Doctor John was not a religious man. There had been some disapproval he knew. The doctor was expected in one of the front pews in Church on a Sunday morning. But he had yielded to pressure from the twins to allow them to Sunday School. ‘Everyone goes Daddy and its fun’. He didn’t like them being fed superstition, and on the Sunday when they came home in tears over ‘all the children who had died’ He thought it was time to have a sharp word with the Vicar.
“Let me show you something”. The vicar took his arm and led him into the church. This was the old vicar, Rev. Donnington, not the present tee shirt and trainers ‘call me Dave’ vicar. At the West end of the Church was a window John had never noticed. Plain leaded glass panes but set in beautiful stone tracery. And beneath it the words ‘Suffer the Little Children to come unto me’. It had been created to commemorate an epidemic of diphtheria in the eighteen sixties. Most of the dead had been children. Thirty nine children in that tiny community.
In the corner of the churchyard an area of grass left plain, no crosses or memorials, no time for that. Some very old scraggy rose bushes straggled against the fence. That was all.
The vicar invited John back to the vicarage and left him alone in his study to look through the old registers. Page after page, and then he saw the first child – Joshua Blackstock, aged three, Son of Jeremiah Blackstock, doctor of medicine, Margaret Blackstock, aged nine, Twins Margaret and James Blackstock aged five. Elizabeth Blackstock eighteen months, and finally Jeremiah Blackstock, aged 41, Doctor of Medicine. As John read the entries he felt the full force of the tragedy that his predecessor had suffered. Watching not only the village children but his own, helpless against that awful disease. John felt the same cold sweat that he had so often woken with in the night. The suffering in that house, his house, and the guilt of the silent prayer that must have gone up from every house in the village. ‘Dear God, let it not be my child, let it be my neighbour’s child, spare mine.’

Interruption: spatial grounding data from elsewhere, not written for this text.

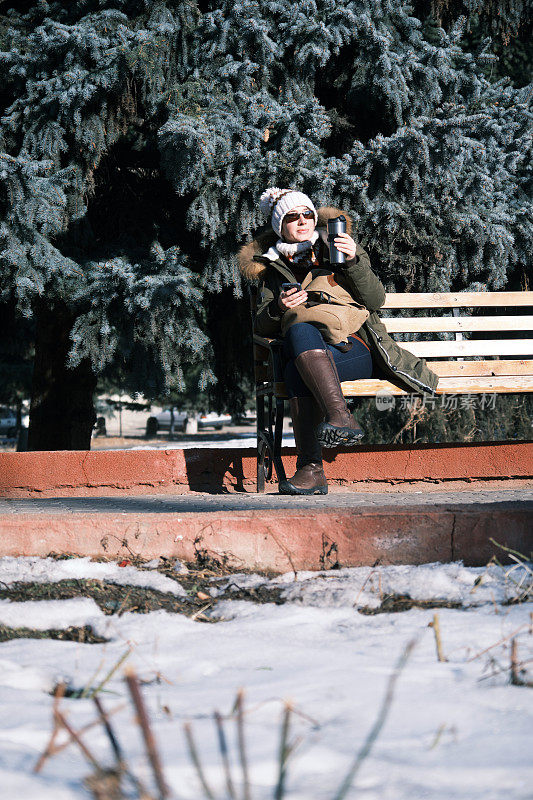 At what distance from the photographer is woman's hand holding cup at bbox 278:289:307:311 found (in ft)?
12.1

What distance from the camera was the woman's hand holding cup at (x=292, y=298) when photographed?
368cm

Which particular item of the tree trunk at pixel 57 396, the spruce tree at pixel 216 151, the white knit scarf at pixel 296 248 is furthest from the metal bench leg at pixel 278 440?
the tree trunk at pixel 57 396

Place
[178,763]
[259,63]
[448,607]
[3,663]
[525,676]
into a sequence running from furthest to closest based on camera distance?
[259,63] < [448,607] < [3,663] < [525,676] < [178,763]

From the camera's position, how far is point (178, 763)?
3.35 ft

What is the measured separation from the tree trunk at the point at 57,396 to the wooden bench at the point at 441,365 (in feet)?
9.78

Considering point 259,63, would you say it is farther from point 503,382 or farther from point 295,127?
point 503,382

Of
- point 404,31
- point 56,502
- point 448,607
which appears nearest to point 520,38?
point 404,31

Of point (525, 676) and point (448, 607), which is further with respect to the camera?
point (448, 607)

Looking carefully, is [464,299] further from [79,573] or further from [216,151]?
[79,573]

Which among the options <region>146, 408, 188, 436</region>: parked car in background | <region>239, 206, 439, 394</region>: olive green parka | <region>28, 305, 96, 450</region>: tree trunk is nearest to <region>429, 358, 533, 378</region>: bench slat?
<region>239, 206, 439, 394</region>: olive green parka

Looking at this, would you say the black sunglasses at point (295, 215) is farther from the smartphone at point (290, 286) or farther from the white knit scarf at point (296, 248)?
the smartphone at point (290, 286)

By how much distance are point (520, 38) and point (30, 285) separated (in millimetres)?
5555

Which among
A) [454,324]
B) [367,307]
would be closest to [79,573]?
[367,307]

In the spring when the frost had left the ground, new beds were dug in the neglected patch, new rose bushes were planted, and rosemary, rosemary for remembrance, and for the bees and the butterflies. They would like that. In one corner a shining white tablet appeared with the names of all the children, and of one adult, their doctor.
There was no ceremony, no word of who was responsible, John had seen to that. The money came via a solicitor in his old home town. Nobody was to know, even Celia, especially Celia, when the money he had used had come from their precious central heating fund. He made what economies he could, no more pipe smoking, no occasional glass of whiskey, walk instead of drive. Nothing hurt, nothing mattered. And doctor John slept peacefully.
Come the autumn, with the addition of a small secret loan from the bank, the renovation of the old house was completed after all. And now he was hearing his wife’s warm voice again as she talked to some village newcomer across the other side of the room. The little home consulting room was long gone, and his retirement party was being held in the medical centre that he shared with three other doctors. He was enjoying his “do” he had to admit. So many good wishes, so many gifts. A letter from Princess Anne with her best wishes and thanks for all his work for the Save the Children Fund. Yes, he had been pleased with that,.
He could hear his wife telling the stranger about the terrible conditions that they had lived in when they had first come to the village. The neglected icy cold house. “Poor John suffered dreadfully from the cold. He would wake up night after night shivering and restless. The Central Heating soon cured that though didn’t it dear? No sleepless nights after that, made such a difference to our lives.”
He smiled across at her over the head of his youngest grandchild snug on his lap. “Yes my dear, it did indeed”.